Hi, I’m Jon. In my series of posts, I’ll be writing about how we can use the modern Bayesian toolkit to efficiently make decisions, solve problems, and formulate plans (the providence of AI), rather than restrict ourselves to approximating posteriors (the providence of statistics and much of machine learning).
Here’s a simple example of how AI can help out machine learning. What was the first graphical model you were exposed to? There’s a good chance it was Pearl’s famous “Sprinkler, Rain, Wet grass” graphical model[1]. To remind you, we imagine it’s either raining or not and your sprinkler is either on or not. The sprinkler usually turns off when it rains, but not always. The lawn will usually get wet if it’s either raining or the sprinkler is on, and will almost definitely get wet if both happen. There are three nodes in our graphical model and seven numbers suffice to describe all the conditional probabilities. It’s not too hard to learn those parameters from a small dataset of observations, or to perform inference on any subset of the variables, given the others.

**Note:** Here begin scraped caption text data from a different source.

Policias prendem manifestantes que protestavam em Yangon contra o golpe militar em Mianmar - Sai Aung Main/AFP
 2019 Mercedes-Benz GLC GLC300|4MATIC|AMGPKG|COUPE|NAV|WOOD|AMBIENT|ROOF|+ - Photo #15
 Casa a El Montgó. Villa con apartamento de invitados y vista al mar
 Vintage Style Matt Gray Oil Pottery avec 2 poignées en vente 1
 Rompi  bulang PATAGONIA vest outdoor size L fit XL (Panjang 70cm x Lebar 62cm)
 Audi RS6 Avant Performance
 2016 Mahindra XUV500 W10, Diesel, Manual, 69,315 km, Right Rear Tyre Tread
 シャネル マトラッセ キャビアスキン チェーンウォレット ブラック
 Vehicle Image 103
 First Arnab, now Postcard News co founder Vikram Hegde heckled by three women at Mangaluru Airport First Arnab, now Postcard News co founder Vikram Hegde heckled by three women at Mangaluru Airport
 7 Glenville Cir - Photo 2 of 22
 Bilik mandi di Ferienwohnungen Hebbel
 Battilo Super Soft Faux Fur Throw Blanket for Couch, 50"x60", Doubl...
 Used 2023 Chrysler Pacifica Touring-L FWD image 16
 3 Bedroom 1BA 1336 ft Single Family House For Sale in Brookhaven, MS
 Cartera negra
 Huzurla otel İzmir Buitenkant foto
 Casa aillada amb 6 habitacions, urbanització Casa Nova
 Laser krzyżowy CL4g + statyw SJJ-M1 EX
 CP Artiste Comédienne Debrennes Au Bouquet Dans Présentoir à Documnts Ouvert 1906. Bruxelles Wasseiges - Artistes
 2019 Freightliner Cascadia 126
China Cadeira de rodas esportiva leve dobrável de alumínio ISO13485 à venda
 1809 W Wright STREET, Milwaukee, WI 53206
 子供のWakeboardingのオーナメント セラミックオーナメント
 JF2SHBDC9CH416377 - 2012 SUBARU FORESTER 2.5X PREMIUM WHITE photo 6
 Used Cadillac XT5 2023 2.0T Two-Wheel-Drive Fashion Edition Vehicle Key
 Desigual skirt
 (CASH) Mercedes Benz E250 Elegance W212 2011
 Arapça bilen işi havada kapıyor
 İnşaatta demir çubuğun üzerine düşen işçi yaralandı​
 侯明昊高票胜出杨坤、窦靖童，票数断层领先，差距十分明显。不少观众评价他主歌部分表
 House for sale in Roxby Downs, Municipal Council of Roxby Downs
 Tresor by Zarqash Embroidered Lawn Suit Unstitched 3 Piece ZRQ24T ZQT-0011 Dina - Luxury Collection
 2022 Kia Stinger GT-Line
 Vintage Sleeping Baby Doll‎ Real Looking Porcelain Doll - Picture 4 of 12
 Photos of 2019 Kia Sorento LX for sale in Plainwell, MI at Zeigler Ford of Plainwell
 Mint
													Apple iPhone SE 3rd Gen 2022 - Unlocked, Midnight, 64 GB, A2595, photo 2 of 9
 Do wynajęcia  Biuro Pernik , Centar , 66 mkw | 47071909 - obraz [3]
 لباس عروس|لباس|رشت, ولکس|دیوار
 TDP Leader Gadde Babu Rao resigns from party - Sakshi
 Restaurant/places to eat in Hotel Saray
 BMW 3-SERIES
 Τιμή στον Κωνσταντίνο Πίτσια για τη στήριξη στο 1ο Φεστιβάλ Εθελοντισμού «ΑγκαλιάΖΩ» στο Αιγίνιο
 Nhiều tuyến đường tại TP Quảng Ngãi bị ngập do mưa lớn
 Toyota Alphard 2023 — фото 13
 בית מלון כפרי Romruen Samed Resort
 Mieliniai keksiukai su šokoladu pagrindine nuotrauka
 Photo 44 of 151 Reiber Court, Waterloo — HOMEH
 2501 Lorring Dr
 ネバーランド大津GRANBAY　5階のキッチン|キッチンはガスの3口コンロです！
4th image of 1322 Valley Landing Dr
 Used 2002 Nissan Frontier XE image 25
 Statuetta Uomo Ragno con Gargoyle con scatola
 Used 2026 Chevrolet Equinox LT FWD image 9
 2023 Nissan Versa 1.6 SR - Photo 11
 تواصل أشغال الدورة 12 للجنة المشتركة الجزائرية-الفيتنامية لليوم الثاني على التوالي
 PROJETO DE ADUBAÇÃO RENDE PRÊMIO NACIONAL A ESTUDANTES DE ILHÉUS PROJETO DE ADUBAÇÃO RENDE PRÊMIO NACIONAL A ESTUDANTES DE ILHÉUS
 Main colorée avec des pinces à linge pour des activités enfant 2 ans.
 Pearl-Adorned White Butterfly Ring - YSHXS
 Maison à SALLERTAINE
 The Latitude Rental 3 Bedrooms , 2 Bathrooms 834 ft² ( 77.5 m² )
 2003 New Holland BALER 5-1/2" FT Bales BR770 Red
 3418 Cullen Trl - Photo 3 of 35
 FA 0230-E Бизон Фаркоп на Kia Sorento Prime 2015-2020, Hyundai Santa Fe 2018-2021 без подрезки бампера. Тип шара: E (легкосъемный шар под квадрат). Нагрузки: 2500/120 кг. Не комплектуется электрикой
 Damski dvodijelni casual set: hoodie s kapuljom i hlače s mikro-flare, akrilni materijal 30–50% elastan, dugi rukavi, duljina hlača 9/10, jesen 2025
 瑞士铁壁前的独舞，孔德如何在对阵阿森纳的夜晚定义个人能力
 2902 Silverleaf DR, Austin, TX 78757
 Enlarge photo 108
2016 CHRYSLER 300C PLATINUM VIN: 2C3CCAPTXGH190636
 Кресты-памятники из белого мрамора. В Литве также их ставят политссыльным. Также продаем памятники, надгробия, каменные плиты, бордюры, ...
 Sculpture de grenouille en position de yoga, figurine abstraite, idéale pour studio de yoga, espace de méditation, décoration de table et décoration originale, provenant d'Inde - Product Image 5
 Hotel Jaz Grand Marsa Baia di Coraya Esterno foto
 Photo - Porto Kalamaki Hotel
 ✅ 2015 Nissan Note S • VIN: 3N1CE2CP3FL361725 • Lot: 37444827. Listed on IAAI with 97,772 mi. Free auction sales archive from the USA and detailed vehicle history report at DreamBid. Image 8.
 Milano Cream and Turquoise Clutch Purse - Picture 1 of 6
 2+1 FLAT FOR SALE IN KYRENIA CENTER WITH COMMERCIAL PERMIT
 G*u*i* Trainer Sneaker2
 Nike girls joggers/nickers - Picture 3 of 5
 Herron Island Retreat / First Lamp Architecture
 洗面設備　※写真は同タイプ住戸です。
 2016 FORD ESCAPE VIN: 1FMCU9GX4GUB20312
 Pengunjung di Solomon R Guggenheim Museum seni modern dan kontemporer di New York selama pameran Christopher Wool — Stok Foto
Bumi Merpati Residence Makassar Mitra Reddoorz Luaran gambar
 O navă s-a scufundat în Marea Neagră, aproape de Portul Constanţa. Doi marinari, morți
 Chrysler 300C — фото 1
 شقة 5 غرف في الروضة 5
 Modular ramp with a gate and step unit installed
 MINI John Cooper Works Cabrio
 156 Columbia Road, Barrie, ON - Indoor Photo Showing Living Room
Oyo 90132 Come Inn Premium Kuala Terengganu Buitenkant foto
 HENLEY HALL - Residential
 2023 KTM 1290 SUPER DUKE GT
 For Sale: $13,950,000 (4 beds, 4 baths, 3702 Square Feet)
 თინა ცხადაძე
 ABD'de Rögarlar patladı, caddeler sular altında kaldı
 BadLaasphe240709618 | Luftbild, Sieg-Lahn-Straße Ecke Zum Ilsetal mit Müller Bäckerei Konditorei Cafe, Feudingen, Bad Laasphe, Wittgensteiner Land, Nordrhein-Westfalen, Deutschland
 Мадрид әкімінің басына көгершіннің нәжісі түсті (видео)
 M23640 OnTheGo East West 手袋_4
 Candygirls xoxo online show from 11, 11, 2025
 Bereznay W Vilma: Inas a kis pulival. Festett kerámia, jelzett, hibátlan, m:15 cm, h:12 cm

Let’s expand this model a little bit. Imagine there are many people, and the government is trying to figure out who's been illegally using their sprinklers during a drought, given knowledge of whose lawn is wet. Each person has a variable amount of neighbors, and people live scattered across different neighborhoods. If it’s raining in one neighborhood, it’s probably raining in an adjacent neighborhood. If your sprinkler is on, it might get your neighbor’s lawn wet. What would the graphical model look like to model this situation with two people? You would need one node to indicate if they are neighbors, another node to indicate if they live in the same neighborhood or adjacent neighborhoods or unadjacent neighborhoods, and then nodes to represent the wetness of their respective lawns and sprinklers. What about with three people? You would need a node to indicate if the first and second person were neighbors, if the first and third were neighbors, if the second and third were neighbors, etc. What if wanted to model Houston (a city which loves its lawns)? With a population of about 6 million people, we are talking something like $6^{12}[/latex] nodes. Considering the NP-hardness of general approximate inference, that is not good if we hope to use this model for reasoning about sprinklers, given knowledge of which lawns are wet. If we were to draw this network, we might use plate notation to help visualize it, but that is only a visualization technique which does not prevent the underlying combinatoric explosion from making inference intractable in this system.
Let’s use a knowledge representation known as Horn logic[2] (a subset of first-order logic) to express this model more succinctly, as opposed to the essentially propositional system used above. I need to introduce a few relations: Neighbor(i,j) is true iff person ‘i’ is a neighbor of person ‘j’. Wet(i) indicates if person ‘i's lawn is wet, and Sprinkler(i) indicates if person ‘i’s sprinkler is on. Adjacent(x, y) indicates if neighborhood x and y are adjacent, and Rain(x) indicates if it is raining in neighborhood ‘x’. Neighberhood(i, x) is true if person ‘i’ lives in neighborhood ‘x’. Then we have the following rules (which are only true with some probability):
If Neighbor(i,j) and Sprinkler(i) or Sprinkler(j), then Wet(i) and Wet(j)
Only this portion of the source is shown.